To address these outbreaks, the NCDC has activated its Emergency Operations Centre (EOC), deployed National Rapid Response Teams to affected states, and prepositioned essential medical supplies, including personal protective equipment and laboratory consumables. Five additional Mpox diagnostic laboratories have also been optimized in Bauchi, Kano, Cross River, Rivers, and Enugu States.

“Healthcare workers are undergoing specialized training in infection prevention, case management, and cerebrospinal meningitis (CSM) care. Community outreach is being reinforced through public awareness campaigns, media engagement, and targeted health communication strategies,” he added.

On cerebrospinal meningitis, Dr. Idris reported a consistent decline in new cases and fatalities over the last three weeks.

He attributed the improvement to effective vaccination, early treatment, and adaptive surveillance strategies tailored to real-time data.

“Although the situation remains serious, strong national and state-level coordination is showing positive results. The response will continue until full containment is achieved and states take full ownership of the CSM Incident Action Plan,” he said.

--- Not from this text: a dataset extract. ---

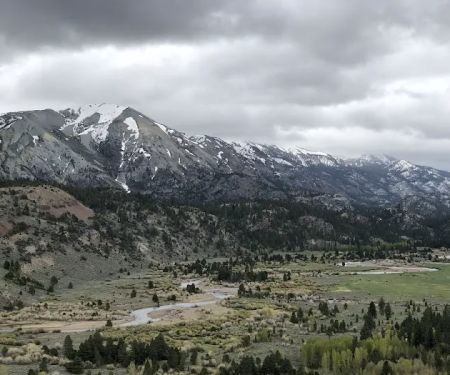 Leavitt Meadows Trailhead and Campground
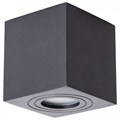 Накладной светильник Arte Lamp Galopin A1461PL-1BK - фото 4869813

Dr. Idris also expressed concern about the rising Mpox trend since its reemergence in 2017, with significant spikes recorded between 2022 and 2024, positioning Nigeria among the most affected countries globally. He warned that underreporting and delayed data entry remain challenges that need urgent resolution to ensure accurate and timely outbreak response.

A national mortality review for the recent Mpox deaths is being planned to further assess response effectiveness and identify areas for improvement.

The NCDC reaffirmed its commitment to safeguarding public health through timely surveillance, transparent reporting, and coordinated national response mechanisms aimed at reducing disease burden and preventing future outbreaks.